Integrating Matplotlib Charts in a PDF in Python With borb

Integrating Matplotlib Charts in a PDF in Python With borb

Introduction

The Portable Document Format (PDF) is not a WYSIWYG (What You See is What You Get) format. It was developed to be platform-agnostic, independent of the underlying operating system and rendering engines.

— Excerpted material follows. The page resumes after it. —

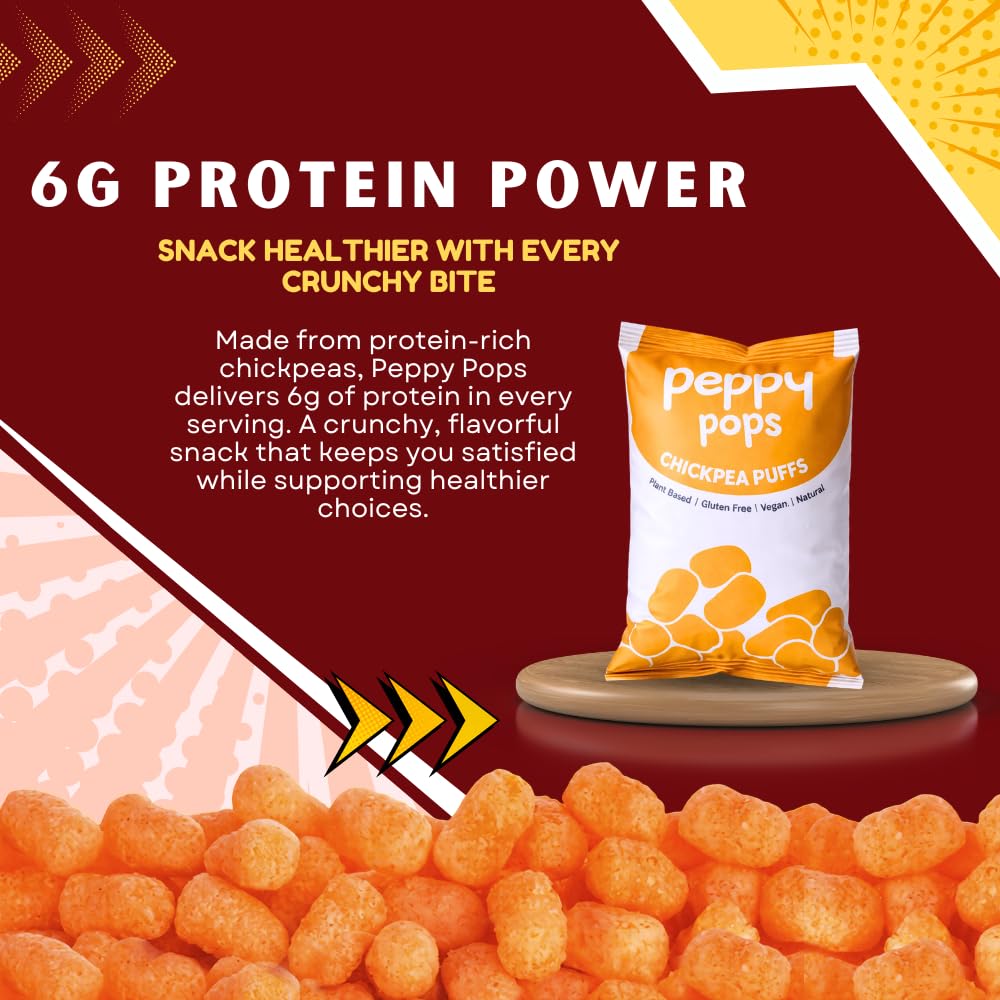 Six bags of BBQ Blaze flavored high protein chickpea puffs snack packs — view 5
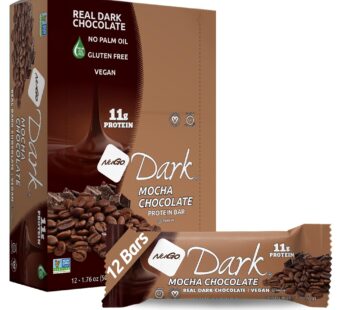 NuGo Dark Mocha Chocolate, 11g Vegan Protein, 200 Calories, Gluten Free,12 Count (Pack of 1)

To achieve this, PDF was constructed to be interacted with via something more like a programming language, and relies on a series of instructions and operations to achieve a result. In fact, PDF is based on a scripting language - PostScript, which was the first device-independent Page Description Language.

In this guide, we'll be using borb - a Python library dedicated to reading, manipulating and generating PDF documents. It offers both a low-level model (allowing you access to the exact coordinates and layout if you choose to use those) and a high-level model (where you can delegate the precise calculations of margins, positions, etc to a layout manager).

Matplotlib is a data visualization library that fueled an entire generation of engineers to start visualizing data, and the engine behind many other popular libraries such as Seaborn.

Given how common PDF documents are for creating reports (which oftentimes include graphs), we'll take a look at how to integrate Matplotlib charts in a PDF document using borb.

Installing borb (and Matplotlib)

borb can be downloaded from source on GitHub, or installed via pip:

$ pip install borb

Matplotlib can be installed via pip:

$ pip install matplotlib

Integrating Matplotlib Charts in PDF Documents with borb

Before we can create a chart, such as a Pie Chart, we're going to write a small utility function that generates N colors, evenly distributed among the color-spectrum.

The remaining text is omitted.